目の前に広がるは赤。彼岸花が一面に咲き誇り果てが見えず、空は夕暮れ時を表しており緋色に染まる。辺りを見回していると違和感に気づく。私の身体に咲いていた花は無くその為か全身を蝕んでいた痛みも感じない。現実離れをしたこの場所と痛みを感じない自分の身体。そこから導き出される答えは一つであり、その答えに私は動揺より先に苛立ちを覚える。
呪術師になったからには長生きができるとは考えてはいない。自分が納得できる死に方ができるとも思ってはいなかった。それに対して理解はしていたつもりだ。しかし、それはやはり“つもり”だっただけである。脳裏に浮かぶのはあの光景

呪霊に拘束される真希先輩
私と同様に呪霊の攻撃を受けながらも戦おうとする伏黒君

何もできなかった役立たずの自分に腹が立つ。役立たずな、不甲斐ない自分に腹が立つ。自分自身に対し苛立ちを覚える中で最後に聞こえたのは虎杖君の声。彼は今も特級呪霊と戦っているのだろか。無事なのだろうか。そんな時にどうして私はこんな所で突っ立っているんだ。
虎杖君は私に「頑張った」と言ってくれた。けれど弱いままでは、死んでしまっては頑張っても意味が意味がない。「頑張った」なんて今の私には相応しくない。

野薔薇ちゃんと互いに頑張ろうと言ったじゃないか。
伏黒君と強くなろうと決めたではないか。
虎杖君が戻って来てくれたのに、「気をつけてね」と言っておきながら私が死んでしまっては何と間抜けな抜けな事か。
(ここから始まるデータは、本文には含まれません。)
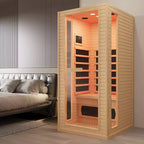 Sauna infrarouge intérieur 1 personne EROMMY, spa à domicile à faible émission électromagnétique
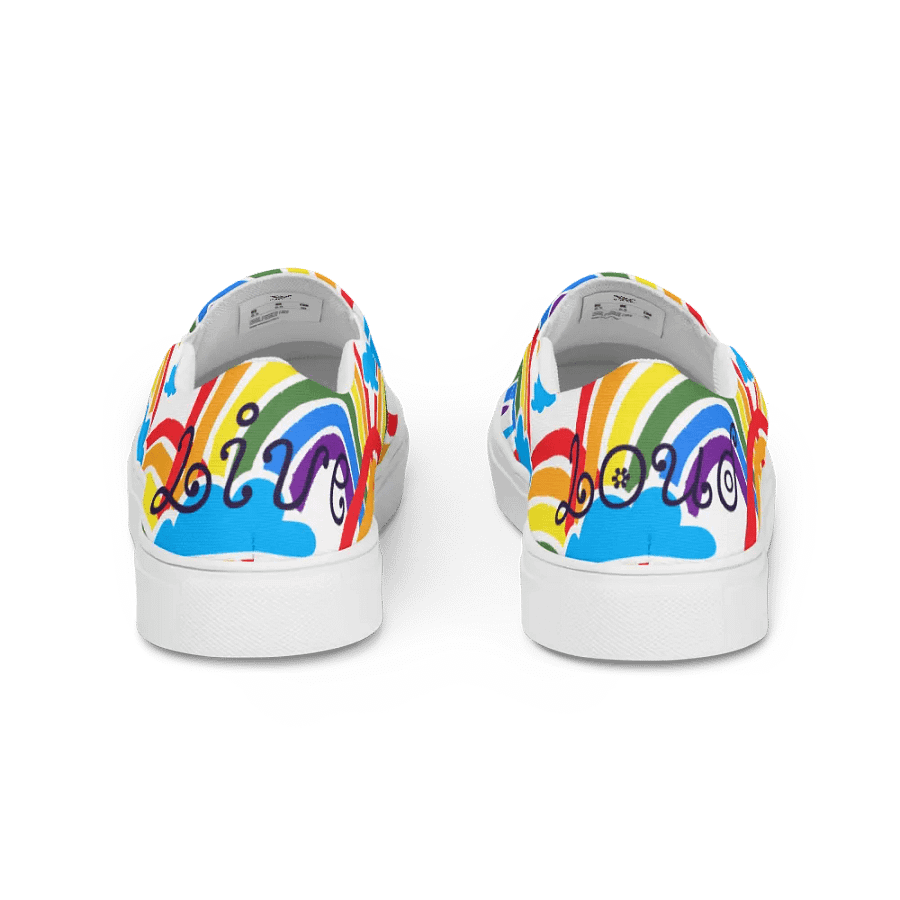 Rainbow Live Men's Slip-On Canvas Shoes product image (4)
此処で嘆いていても苛立っていても何も始まらない。帰るんだ。戻るんだ。皆の所へ。
そうと決めたら足は自然と動き出し咲き誇る彼岸花を掻き分けて進む。進む先の景色に変わりは見えず。もしかしたらこれは夢なのか。いや、夢だとしても何と趣味の悪い夢を見ているのだ。そしたらさっさと目を覚ませ。先程とは違った苛立ちを感じていると数珠が突如震え出す。呪霊がいるのかと身構えるが気配がしない。では何に反応しているのかと見回すとある一点に目を向けると震えが強くなった。目を凝らして反応が大きくなった所をみると一面の赤の中に何かがあった。急いでそこに向かって走るってみると何かの正体が判明する。鳥居だ。花と空と同じ、赤い鳥居が建っていた。それも一つだけでなく幾つもの連なってまるで道のようになっている。鳥居の前に立った頃には数珠が痛いくらいに手首を締め付けていた。こっちへ来いとも、来るな。とも考えられるこの状況だが考えるまでもない。これが罠だったとしてもあの場所でただ立ち止まってはいられない。鳥居の中へ足を踏み入れ前へ前へと進む。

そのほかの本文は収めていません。